Note that the 'b' and 'w' values in race are assigned randomly to the resumes when presented to the employer.

<div class="span5 alert alert-info">
### Exercises
You will perform a statistical analysis to establish whether race has a significant impact on the rate of callbacks for resumes.

Answer the following questions **in this notebook below and submit to your Github account**. 

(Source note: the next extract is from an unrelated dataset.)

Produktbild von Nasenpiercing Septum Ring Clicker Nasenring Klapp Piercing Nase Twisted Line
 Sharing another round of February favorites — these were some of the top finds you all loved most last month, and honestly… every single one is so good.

   1. What test is appropriate for this problem? Does CLT apply?
   2. What are the null and alternate hypotheses?
   3. Compute margin of error, confidence interval, and p-value. Try using both the bootstrapping and the frequentist statistical approaches.
   4. Write a story describing the statistical significance in the context or the original problem.
   5. Does your analysis mean that race/name is the most important factor in callback success? Why or why not? If not, how would you amend your analysis?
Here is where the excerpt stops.